Whoever Karl son of Hundi may have been, it is thought that the saga is reporting a local conflict, perhaps with a Scots ruler of Moray or Ross:[T]he whole narrative is consistent with the idea that the struggle of Thorfinn and Karl is a continuation of that which had been waged since the ninth century by the Orkney earls, notably Sigurd Rognvald's son, Ljot, and Sigurd the Stout, against the princes or mormaers of Moray, Sutherland, Ross, and Argyll, and that, in fine, Malcolm and Karl were mormaers of one of these four provinces.

==Interpretations==
The identity of Karl Hundason, unknown to Scots and Irish sources, has long been a matter of dispute.

William Forbes Skene in his Highlanders of Scotland attempted to reconcile the conflicting witnesses of the Irish annals and the sagas.
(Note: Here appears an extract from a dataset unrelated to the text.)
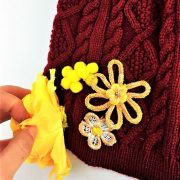 HAND DECORATED RED AND YELLOW FLOWERED BEANIE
Skene's proposal was that Karl (or Kali) Hundason should be identified with one "Malcolm MacKenneth", a son of Kenneth III of Scotland (Cináed mac Duib), presented as the successor of Malcolm II (Máel Coluim mac Cináeda) in the northern parts of the kingdom while Duncan I (Donnchad mac Crínáin) ruled in the south. This theory was criticised by Robertson as being unnecessarily complex. Instead Robertson proposed that Hundason should be identified with Duncan I. The most popular candidate to be Karl Hundason is King Macbeth (Mac Bethad mac Findláich), whose father may be called "jarl Hundi" in Njál's saga.

However, the existence of Karl Hundason rests solely on the Orkneyinga saga, and more particularly on those elements of Arnórr jarlaskáld's Þórfinnsdrápa which are preserved in the saga. A degree of scepticism has been expressed by many writers from Robertson onwards, some going to so far as to suggest that the whole episode is poetic invention. Most recently Alex Woolf has suggested that the identity of Karl Hundason has been in plain sight all along. The Saga, when dealing with Thorfinn's childhood, mentions a brother named "Hvelp or Hundi" who was taken to Norway by King Olaf Trygvasson and died there. Woolf proposes that Karl Hundason, rather that being some hitherto unknown Scots king, was the son of Thorfinn's brother Hlodver Hundi. However, Thomson had already discussed this possibility in 2001, and urged caution as both Orkenyinga saga and St Olaf's saga suggest he only lived "a short while" and was unlikely to have had a son himself.

Muir (2005) points out that a literal translation of "Karl Hundisson" is "peasant son-of-a-dog", an insult that may have been obvious to Norse-speakers hearing the saga and that "we can assume this wasn't his real name". The implication is that there is no purpose in seeking phonetic parallels with known Scots personages. Thomson points out that both "Karl" and Hundi" are names used in other contexts without disparaging intentions although the combination is otherwise unknown.